Building on that comment, another said, "A cat would be nice. My daughter was a velociraptor."
The video comes amid a push in schools throughout the country to hide students' pronoun, gender or sexuality changes from parents, either personally in the classroom or through plans enacted by school districts.
A teacher in Round Rock Independent School District in Texas told the Daily Caller that she was not supposed to inform parents if a student revealed they identify as non-binary or transgender.
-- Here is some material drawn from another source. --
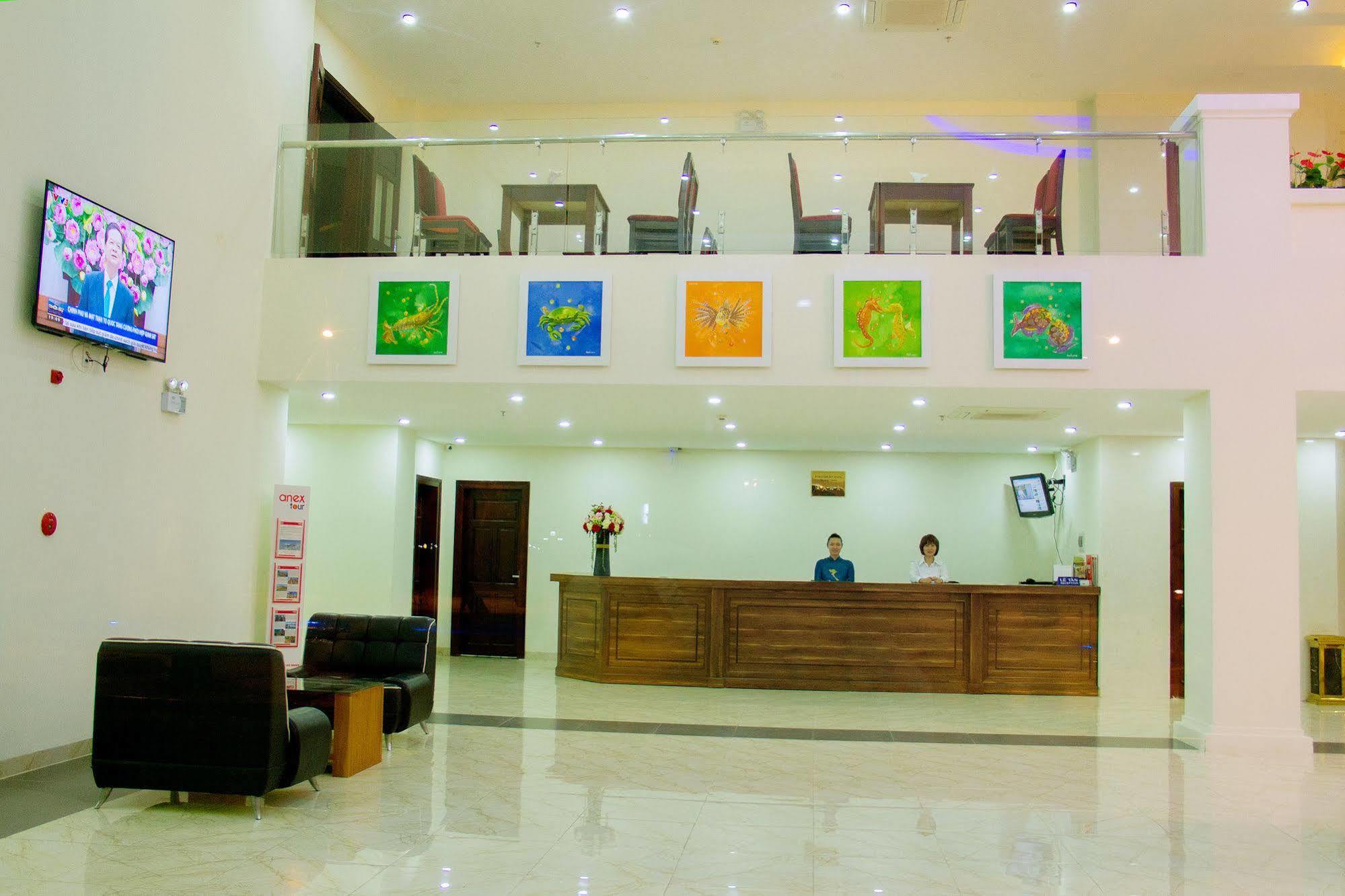 Hotel Sky Nha Trang Exteriér fotografie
"The first time I was asked by a student to refer to themselves by a different gender, a different name and different pronouns I went to my principal and counselor for help. I have never received an email like that," she told the Caller. "I asked if I could contact the parents first to make sure that they were aware of this because I would want to know as a parent.
"They told me 'no,' that the child could get beat and maybe not be accepted by their family," the teacher continued. "I was to accept and comply. I cried in my classroom. I cried all the way home. That was two years ago."
Last August, the Loudoun County School Board in Virginia approved a policy that requires teachers, faculty and staff to refer to students by their preferred names and pronouns, according to CNN.
The new policy also requires that all school mental health professionals undergo "training on topics relating to LGBTQ+ students, including procedures for preventing and responding to bullying, harassment and discrimination based on gender identity/expression."